Was wondering if i could use ftp in terminal to upload files to my web space? I don't want to pay for fetch if windows can ftp via internet explorer, so could you tell me how to use ftp via terminal or a free ftp app i could use?


----------



## profx (Aug 26, 2002)

yep easy as

% ftp  user@host.com
it will ask you for your password

ftp> put <drag the file you want to upload to the terminal> <type the place and name of the file you want to store it>


for example to put a file named test.txt that is on your desktop into the root directory of the ftp server and rename it to temp.txt type

ftp <<user>>@<<domain.com>>
<<pass>>
put /Users/<<user>>/Desktop/test.txt /temp.txt

it should give a little read out of its progress when you push return

for more info type "man ftp" at the unix promt


----------



## TBoNe (Aug 26, 2002)

If you have multiple files in a directory to download/upload use mget or mput (m stands for multiple). 

example:    mput *.jpg

   This will upload all the jpeg image files from the current local directory to the current directory on the server. 

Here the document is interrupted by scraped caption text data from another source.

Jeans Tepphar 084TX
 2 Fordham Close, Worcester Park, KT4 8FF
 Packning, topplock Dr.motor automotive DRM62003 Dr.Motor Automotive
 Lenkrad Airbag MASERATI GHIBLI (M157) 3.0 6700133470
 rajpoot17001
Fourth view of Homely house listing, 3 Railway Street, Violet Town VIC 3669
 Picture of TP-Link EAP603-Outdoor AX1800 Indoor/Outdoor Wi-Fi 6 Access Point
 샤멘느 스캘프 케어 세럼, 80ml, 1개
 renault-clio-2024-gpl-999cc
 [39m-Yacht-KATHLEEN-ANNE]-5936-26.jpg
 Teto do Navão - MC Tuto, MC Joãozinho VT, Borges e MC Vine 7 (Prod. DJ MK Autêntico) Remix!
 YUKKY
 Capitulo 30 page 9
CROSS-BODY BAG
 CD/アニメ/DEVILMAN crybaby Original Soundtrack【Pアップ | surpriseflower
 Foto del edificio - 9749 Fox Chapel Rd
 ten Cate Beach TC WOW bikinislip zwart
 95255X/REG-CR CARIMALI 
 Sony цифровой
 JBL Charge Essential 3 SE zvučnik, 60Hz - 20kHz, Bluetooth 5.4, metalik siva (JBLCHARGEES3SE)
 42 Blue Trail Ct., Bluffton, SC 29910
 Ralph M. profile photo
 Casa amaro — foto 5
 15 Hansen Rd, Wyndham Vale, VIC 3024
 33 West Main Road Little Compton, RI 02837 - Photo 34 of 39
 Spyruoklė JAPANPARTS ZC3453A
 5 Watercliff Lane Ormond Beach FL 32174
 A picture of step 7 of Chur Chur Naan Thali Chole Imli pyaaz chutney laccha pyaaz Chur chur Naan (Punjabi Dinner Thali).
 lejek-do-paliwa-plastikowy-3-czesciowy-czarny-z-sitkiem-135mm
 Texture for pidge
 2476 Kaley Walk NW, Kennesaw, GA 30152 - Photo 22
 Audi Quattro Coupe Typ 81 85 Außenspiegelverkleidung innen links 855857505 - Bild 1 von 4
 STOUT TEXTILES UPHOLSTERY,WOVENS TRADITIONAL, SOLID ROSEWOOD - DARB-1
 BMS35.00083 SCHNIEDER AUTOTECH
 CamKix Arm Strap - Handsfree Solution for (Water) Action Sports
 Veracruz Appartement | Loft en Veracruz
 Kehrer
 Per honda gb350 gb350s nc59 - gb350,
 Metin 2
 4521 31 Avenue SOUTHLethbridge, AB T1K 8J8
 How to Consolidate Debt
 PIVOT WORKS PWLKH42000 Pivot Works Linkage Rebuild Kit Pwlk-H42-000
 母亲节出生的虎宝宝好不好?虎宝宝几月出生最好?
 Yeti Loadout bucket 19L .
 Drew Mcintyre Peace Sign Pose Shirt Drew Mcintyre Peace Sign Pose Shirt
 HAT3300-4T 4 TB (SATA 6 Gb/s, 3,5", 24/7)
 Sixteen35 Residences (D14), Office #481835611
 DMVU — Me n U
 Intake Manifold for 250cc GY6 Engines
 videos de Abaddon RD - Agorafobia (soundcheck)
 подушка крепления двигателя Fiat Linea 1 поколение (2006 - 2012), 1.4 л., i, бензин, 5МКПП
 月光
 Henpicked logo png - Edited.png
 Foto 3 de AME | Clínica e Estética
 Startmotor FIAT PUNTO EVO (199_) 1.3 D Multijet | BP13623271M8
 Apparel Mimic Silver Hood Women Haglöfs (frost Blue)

Be sure to use the "prompt" command before using this so you won't be asked if you want to upload each file.

As the previous post said read the man pages "man ftp"
If you are already ftp'd into a server type "help" for a list of available commands.

Good luck!


----------



## hazmat (Aug 26, 2002)

Besides the info you have gotten here, I would highly recommend downloading the ncftp client.  MUCH better and enhanced command line ftp client, and it's free and open source.


----------



## Fahrvergnuugen (Aug 27, 2002)

> _Originally posted by hazmat _
> *Besides the info you have gotten here, I would highly recommend downloading the ncftp client.  MUCH better and enhanced command line ftp client, and it's free and open source. *



and to simplify things, download the package:
ftp://ftp.ncftp.com/ncftp/binaries/

the ftp program "ftp" is the biggest piece of garbage.... apple shouldn't ship OSX with it, the just just alias "ftp" to "ncftp"


----------



## hazmat (Aug 27, 2002)

I just wish ncftp had a version to use ssl, or sftp had more of an ncftp-like interface.  I even use ncftp under win32!


----------